# Which slingbow is the best on the market?



## JuantonSoup

Hey guys; I'm planning on buying a slingbow in the near future, and would like to know what my options are.

As far as I know, there are two slingbows that are being sold on the market right now:

1) Chief AJ's HFX
2) and Pathfinder School's Pocket Hunter

Are there any other pre-made slingbows being sold on the market that I don't know about?

If so, which one, out of the one listed, or otherwise, would you guys suggest? I will probably take the time to make my own slingbow in the future when I have more free time on my hands, but at the moment, I'm just looking to buy the best one on the market.

Any help appreciated!


----------



## cheese

do you want a wrist brace?


----------



## newconvert

some of the guys here make them, the first one you show is just a slingshot, the second is also just a sling shot with doodads, get a good slingshot and put your own attachments on, that commercial stuff is over priced


----------



## JuantonSoup

cheese said:


> some of the guys here make them, the first one you show is just a slingshot, the second is also just a sling shot with doodads, get a good slingshot and put your own attachments on, that commercial stuff is over priced


Yeah, I agree about the overpriced part.

I already own a Trumark FSX-2000. Are there any aftermarket attachments for that model? I'm basically looking to add: 1) a fishing reel, and 2) some sort of arrow holder (e.g. whisker biscuit, etc).


----------



## cheese

you could just buy a whisker biscuit and a fishung reel and attach it to the slingshot you have.


----------



## JuantonSoup

cheese said:


> you could just buy a whisker biscuit and a fishung reel and attach it to the slingshot you have.

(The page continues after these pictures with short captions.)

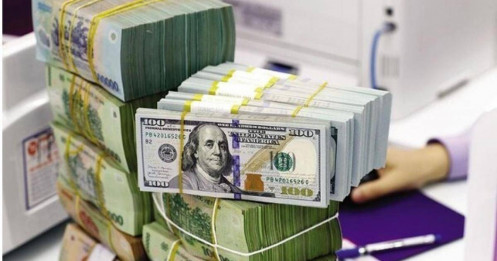 Điều gì khiến lãi suất VND giảm mạnh chỉ sau một ngày tăng sốc?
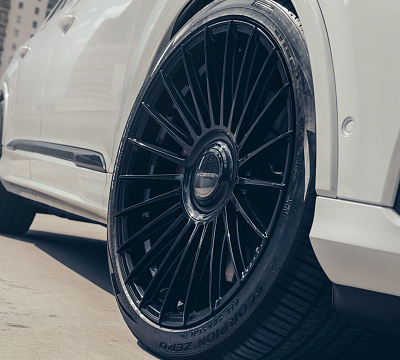 Фото дисков Vossen HF-8 на Audi Q7 (4M)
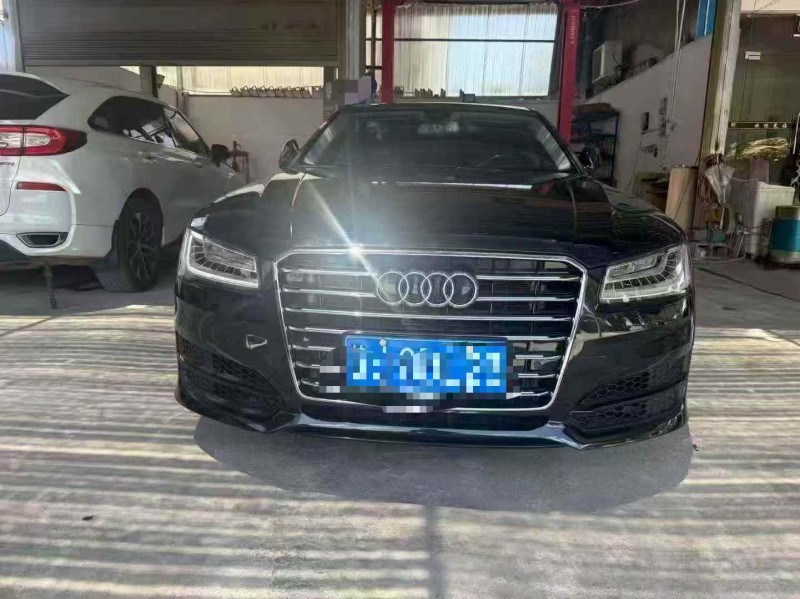 重慶18年奧迪A8L1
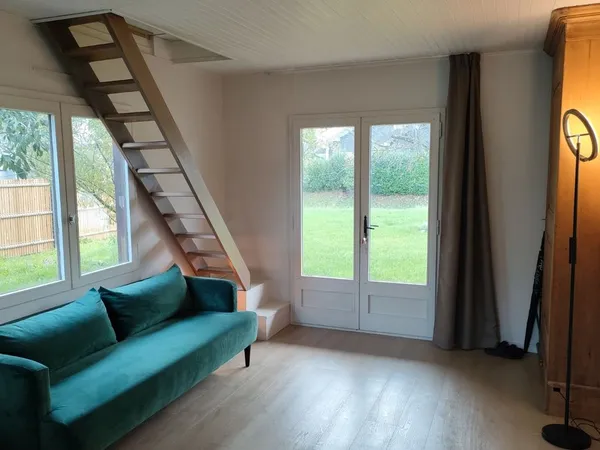 Chambre meublée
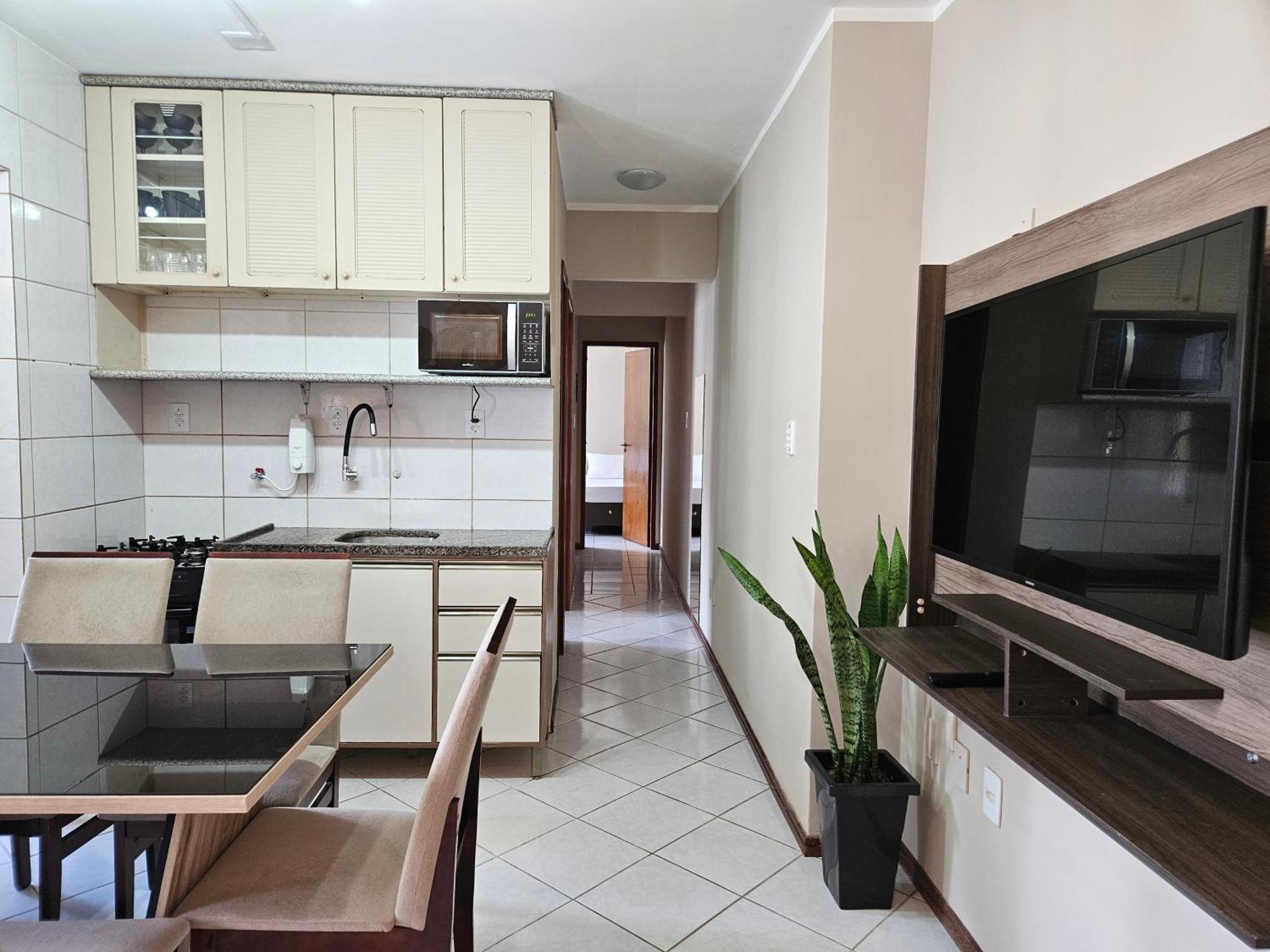 2 Quartos A 200Mts Praia Central, Garagem, Churrasqueira, Wi-Fi 90 Mbps, Pet Friendly Balneário Camboriú Kültér fotó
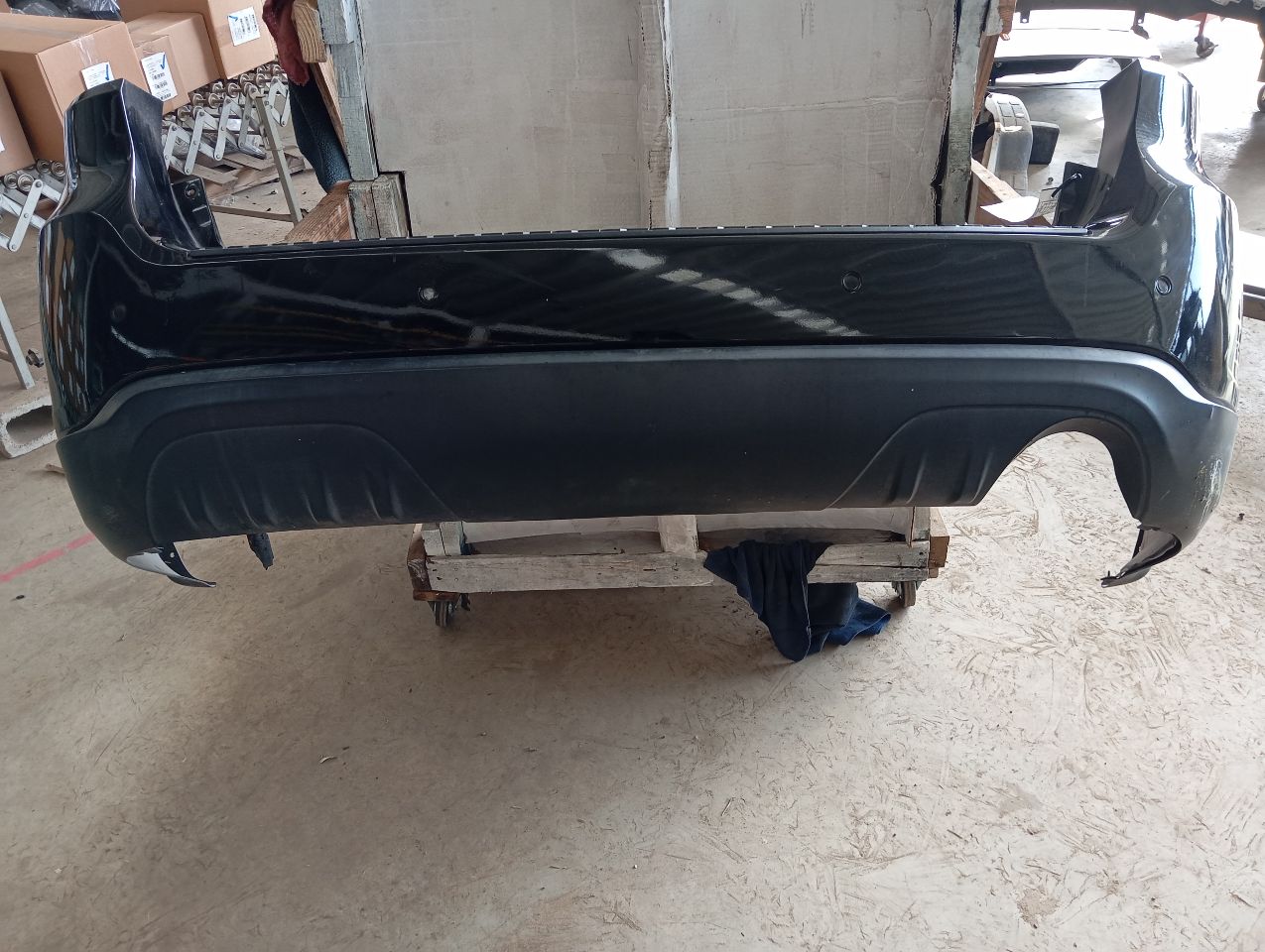 Part image 3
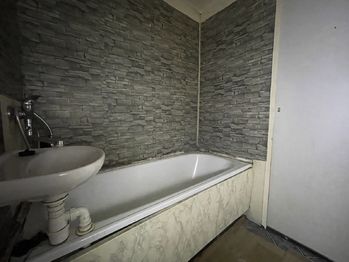 Prodej bytu 3+1 v osobním vlastnictví 63 m², Jirkov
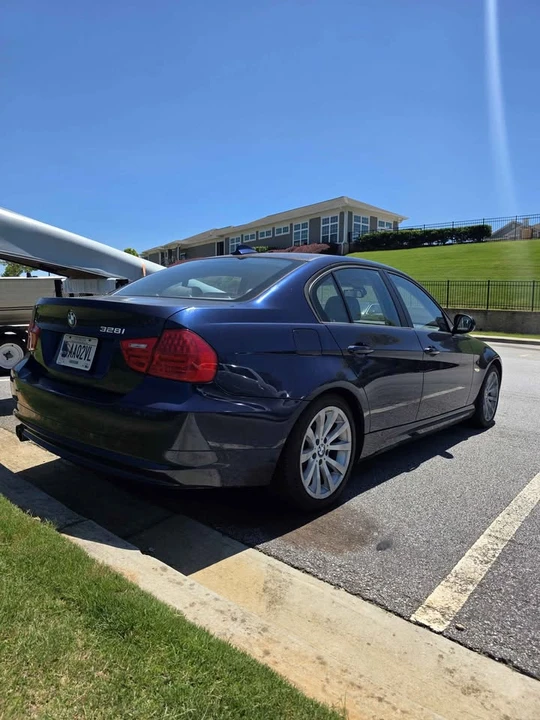 2011 BMW E90 3 Series Sedan - Image 3 of 8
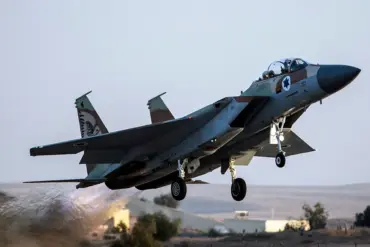 Israel Conducts Air Strikes on Fardis in Iran's Alborz Province Amid Heightened Tensions with Iran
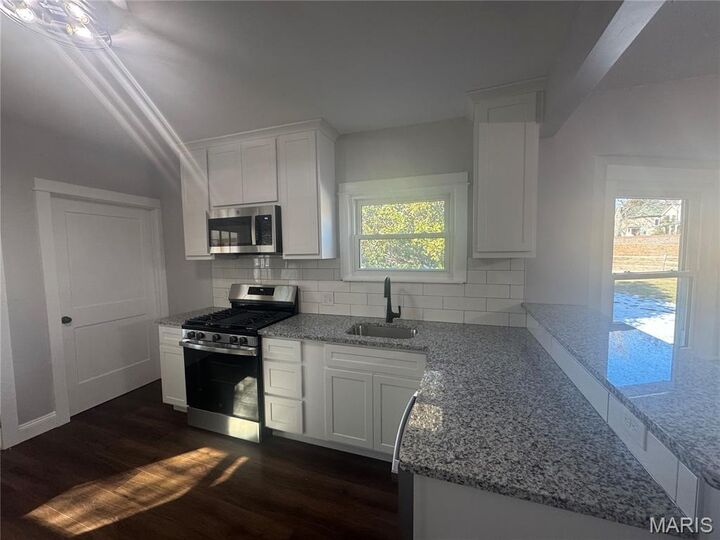 Property Photo:  7250 Arsenal Street  MO 63143 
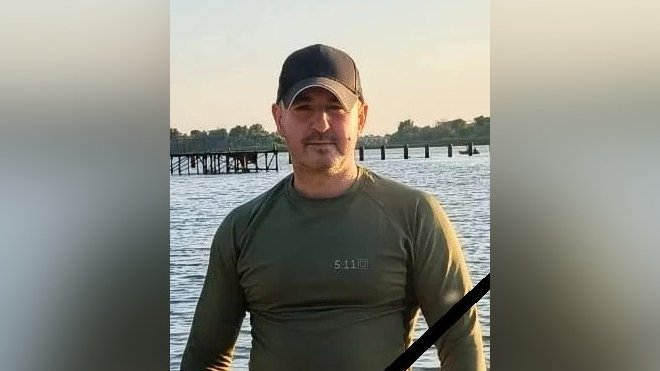 Многодетный отец из поселка Никольский Андрей Твердый погиб на СВО - Ему было 44 года. У бойца остались супруга и четверо детей.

The FSX-2000 has rotating prongs, so I'm not sure how attaching the whisker biscuit would work.

And what type of modification would I have to do to attach a fishing reel to the base?


----------



## cheese

JuantonSoup said:


> you could just buy a whisker biscuit and a fishung reel and attach it to the slingshot you have.


The FSX-2000 has rotating prongs, so I'm not sure how attaching the whisker biscuit would work.

And what type of modification would I have to do to attach a fishing reel to the base?
[/quote]
get a slingshot without rotating prongs.
for the fishing reel you could try something like this.


----------



## Bill Hays

Honestly, pretty much any slingshot will shoot arrows okay.
A simple piece of paracord suspended and tightened between the forks, with two double knots in it separated by 1/2 an inch, so the arrow won't slide side to side... and you're all set.
Of course you'll need to shorten your bands to about 6" active length first though.


----------



## newconvert

JuantonSoup said:


> some of the guys here make them, the first one you show is just a slingshot, the second is also just a sling shot with doodads, get a good slingshot and put your own attachments on, that commercial stuff is over priced


Yeah, I agree about the overpriced part.

I already own a Trumark FSX-2000. Are there any aftermarket attachments for that model? I'm basically looking to add: 1) a fishing reel, and 2) some sort of arrow holder (e.g. whisker biscuit, etc).
[/quote]if you go to the slingshot mods section you can find what you are looking for there


----------



## nutthrower

go look up "badass slingshots" that is if all ya want is to shoot arrows,

I take that back he has attachments for rock throwing too - his item is cool, great for hunting larger game but pricey


----------



## Rockape66

*Don't forget Perry's A+ Slingshots. His dirt simple attachment for arrow slinging is extremely elegant and effective.*


----------



## bclc4life

This guy has some good ideas on how to set up a slingbow.


----------



## StretchandEat

I'm ready for flipnout outs slingshot/sling bow combo to be released.. though I probably won't be able to afford it.. but if I start saving now maybe when it comes out I'll have enough saved to pay that unexpected bill the day before I planned on ordering it


----------



## bopaloobop

I'll go ahead and put in another vote for the slingbow options available on A+ Slingshots. Perry is a boss.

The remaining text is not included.